MEXICO CITY – “Every night, as humans sleep, the flying mammals work feverishly. They pollinate plants such as the agave. … Guano is a valuable fertilizer. And bats eat up to … their [full] body weight in insects every night, making them one of the simplest, safest, most cost-effective forms of pest control available.”
That’s the way the Washington Post described the enormous economic value of bats in a recent story about an international conservation effort by Bat Conservation International and partners such as Pronatura Noreste, Fondo Mexicano and Punto Verde Consultatores.
But, wrote reporter Ceci Connolly, “that message has not reached most people. For decades, intentionally or otherwise, property owners, hikers and sightseers have trampled habitat, dumped garbage and set fires, decimating the bat populations in many parts of the world.”
Now, however, “a unique cross-border alliance” aims to document the losses and replenish the bat populations of northern Mexico, the Post said. The project includes identifying and mapping past and present bat roosts, educational programs for farmers and even purchases of land to protect especially vulnerable bat colonies.
In what is apparently the first purchase of a bat cave by Mexican conservationists, Pronatura Noreste, armed with BCI data, purchased Cueva de la Boca outside Monterrey in September. The cave, which historically held an estimated 20 million Mexican free-tailed bats, now has a population of some 1.2 million bats.

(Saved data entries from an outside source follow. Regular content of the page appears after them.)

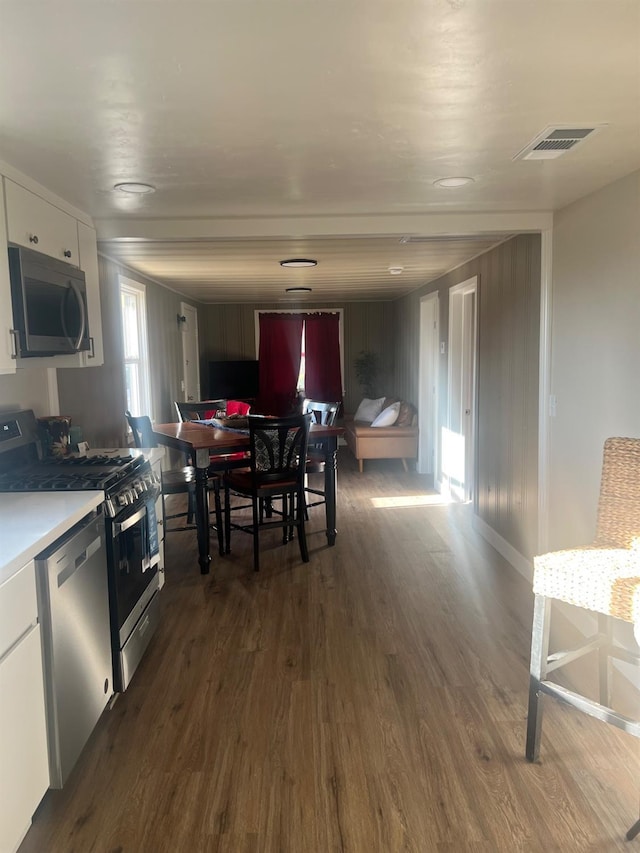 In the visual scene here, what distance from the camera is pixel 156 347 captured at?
590 cm

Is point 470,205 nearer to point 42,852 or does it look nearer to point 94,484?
point 94,484

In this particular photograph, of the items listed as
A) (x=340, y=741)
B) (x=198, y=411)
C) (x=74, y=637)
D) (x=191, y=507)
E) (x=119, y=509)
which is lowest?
(x=340, y=741)

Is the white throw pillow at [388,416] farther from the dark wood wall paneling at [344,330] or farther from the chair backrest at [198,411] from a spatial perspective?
the chair backrest at [198,411]

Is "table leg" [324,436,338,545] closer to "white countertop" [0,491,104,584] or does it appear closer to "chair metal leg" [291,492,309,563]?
"chair metal leg" [291,492,309,563]

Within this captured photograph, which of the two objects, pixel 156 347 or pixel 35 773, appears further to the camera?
pixel 156 347

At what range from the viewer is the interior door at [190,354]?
718 centimetres

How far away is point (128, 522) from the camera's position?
2436 millimetres

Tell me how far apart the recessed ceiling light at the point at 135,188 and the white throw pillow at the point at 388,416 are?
491 cm

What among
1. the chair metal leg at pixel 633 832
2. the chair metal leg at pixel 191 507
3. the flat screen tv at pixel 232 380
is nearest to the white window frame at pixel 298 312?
the flat screen tv at pixel 232 380

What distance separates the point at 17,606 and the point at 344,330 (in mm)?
7569

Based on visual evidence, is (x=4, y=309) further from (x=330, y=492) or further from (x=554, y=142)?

Pronatura limits access to researchers, but plans are underway to build facilities to safely open it to the public in hopes of generating tourism revenue.
“If we had a healthy population of bats, we would have pest control and healthy crops at no cost to society and no bad effects on health,” A. Nelly Correa, of the Center for Environmental Quality at the Monterrey Institute of Technology, said in the article. “And it would be a plus for the economy as bats can become a tourist attraction.”
The Post said Mexican free-tailed bats are especially valuable because they eat huge amounts of corn earworm moths, a particularly costly agricultural pest that damages corn, cotton and other crops throughout most of North America.
“These bats are of enormous ecological and economic benefit on both sides of the border,” BCI Founder Merlin Tuttle told the newspaper. BCI and Fondo Mexicano, a private organization focused on biodiversity projects, have commissioned assessments of an additional 150 hard-to-reach caves along the border. The bat population in those caves has fallen from about 55 million to 15 million.